Task objective
Include in the reply only the lines from the start of the data below through the line containing "Stack of folded", reproduced exactly and with no pictures.

Data excerpt
****************
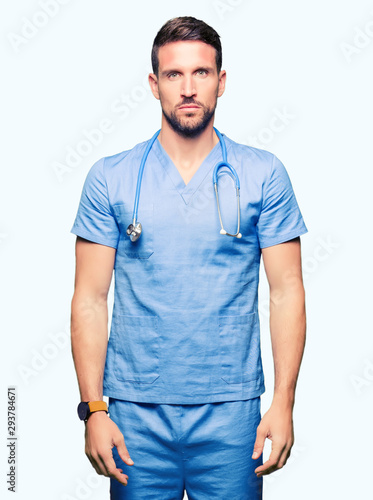Handsome doctor man wearing medical uniform over isolated background Relaxed with serious expression on face. Simple and natural looking at the camera.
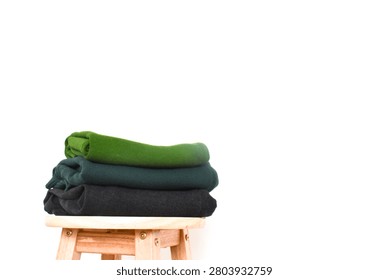 Stack of folded green, dark green, and black clothes on a wooden stool against a minimalist white background wall interior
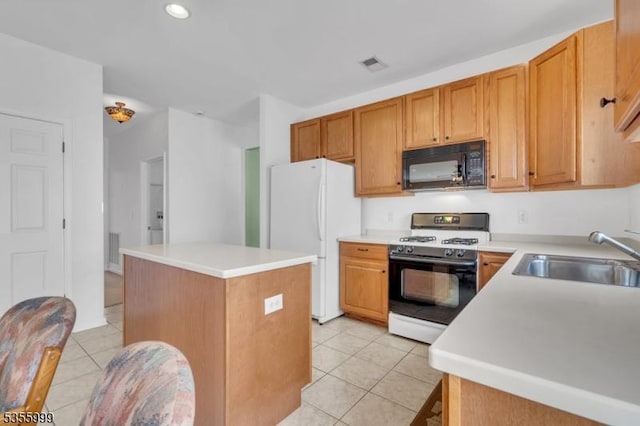 27 Jays Cor, Franklin Twp, NJ 08873 - kitchen with white appliances, a kitchen island, light tile patterned flooring, light countertops, and recessed lighting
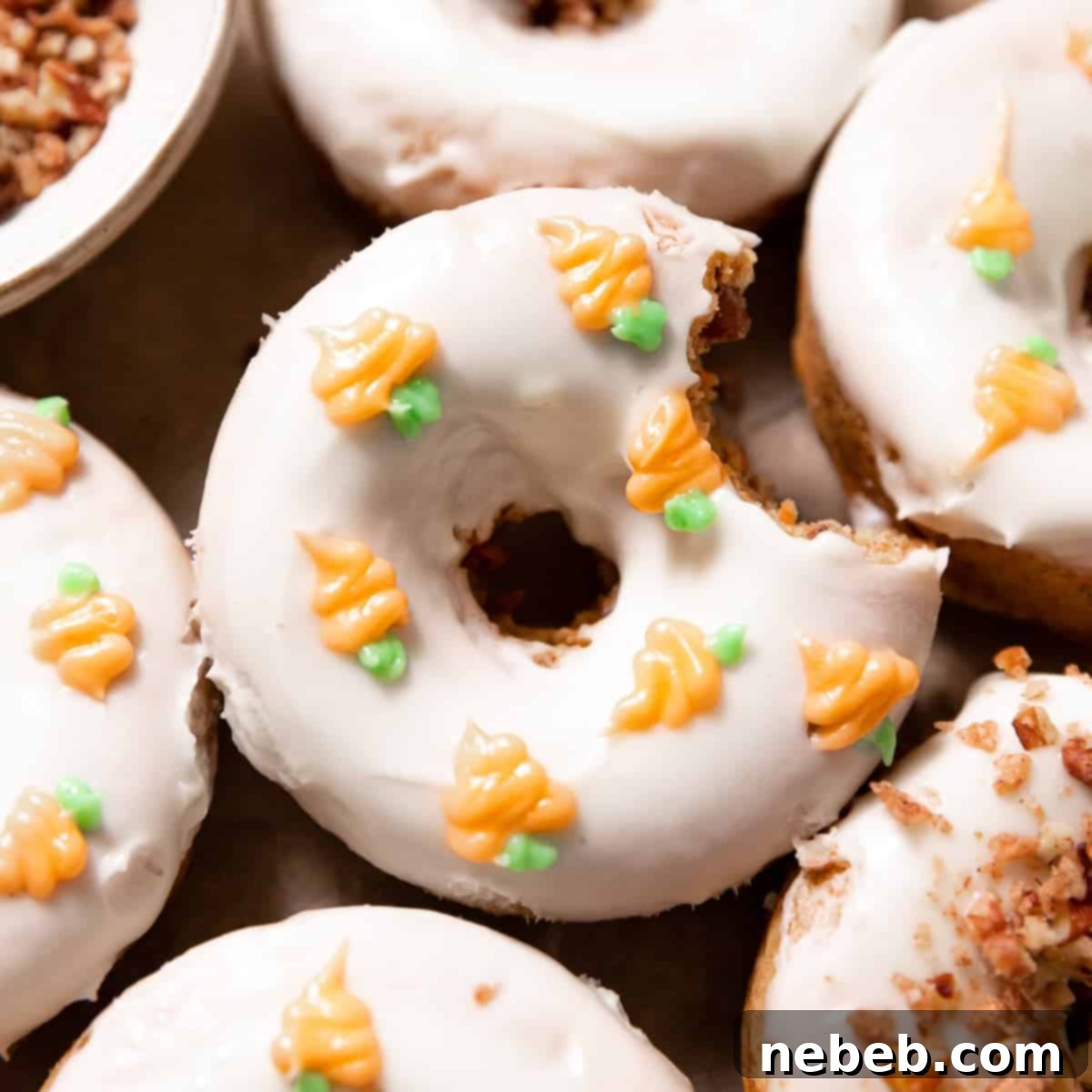 carrot cake donuts topped with cream cheese icing and candied pecans, beautifully presented.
****************
Exercise output
Handsome doctor man wearing medical uniform over isolated background Relaxed with serious expression on face. Simple and natural looking at the camera.
 Stack of folded green, dark green, and black clothes on a wooden stool against a minimalist white background wall interior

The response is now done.